Real Analysis – Limits and Continuity VI

— More properties of continuous functions —

Definition 35

Let {D \subset \mathbb{R}}; {f: D\rightarrow \mathbb{R}} and {c \in D'\setminus D}. If {\displaystyle \lim_{x\rightarrow c}f(x)=a\in \mathbb{R}}, we can define {\tilde{f}} as:

\displaystyle   \tilde{f}(x)=\begin{cases} f(x) \quad x \in D \\ a \quad x=c \end{cases} \ \ \ \ \ (16)

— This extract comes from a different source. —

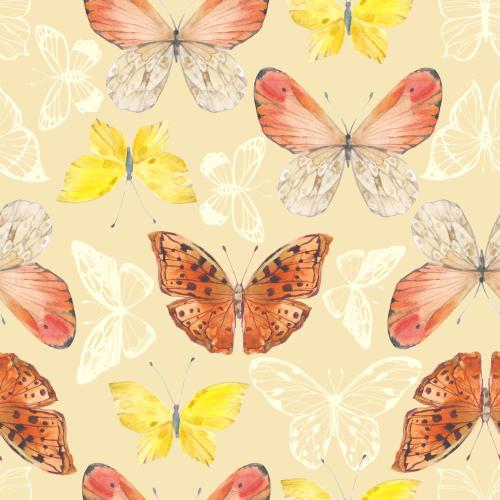 Rasterbild aquarellbutterflies, konturen auf hellen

As an application of the previous definition let us look into {f(x)= \sin x/x}. It is {D= \mathbb{R}\setminus \{0\}}.

Since {\displaystyle\lim_{x \rightarrow 0} \sin x/x=1} we can define {\tilde{f}} as

\displaystyle  \tilde{f}(x)=\begin{cases} \sin x/x \quad x \neq 0 \\ 1 \quad x=0 \end{cases}

As another example let us look into {f(x)=1/x} Since {\displaystyle\lim_{x\rightarrow 0^+}f(x)=+\infty} and {\displaystyle\lim_{x\rightarrow 0^-}f(x)=-\infty} we can’t define {\tilde{f}} for {1/x}.

Finally if we let {f(x)=1/x^2} we have {\displaystyle\lim_{x\rightarrow 0^+}f(x)=\displaystyle\lim_{x\rightarrow 0^-}f(x)=+\infty}. Since the limits are divergent we still can’t define {\tilde{f}}.

In general one can say that given {f: D\rightarrow \mathbb{R}} and {c \in D'\setminus D} {\tilde{f}} exists if and only if {\displaystyle\lim_{x \rightarrow c}f(x)} exists and is finite.

Theorem 42 Let {D \subset \mathbb{R}}; {f,g: D\rightarrow \mathbb{R}} and {c \in D}. If {f} and {g} are continuous functions then {f+g}, {fg} and (if {g(c)\neq 0}){f/g} are also continuous functions.

Proof: We’ll prove that {fg} is continuous and let the other cases for the reader.

Let {x_n} be a sequence of points in {D} such that {x_n \rightarrow c}. Then {f(x_n) \rightarrow f(c)} and {g(x_n) \rightarrow c} (since {f} and {g} are continuous functions).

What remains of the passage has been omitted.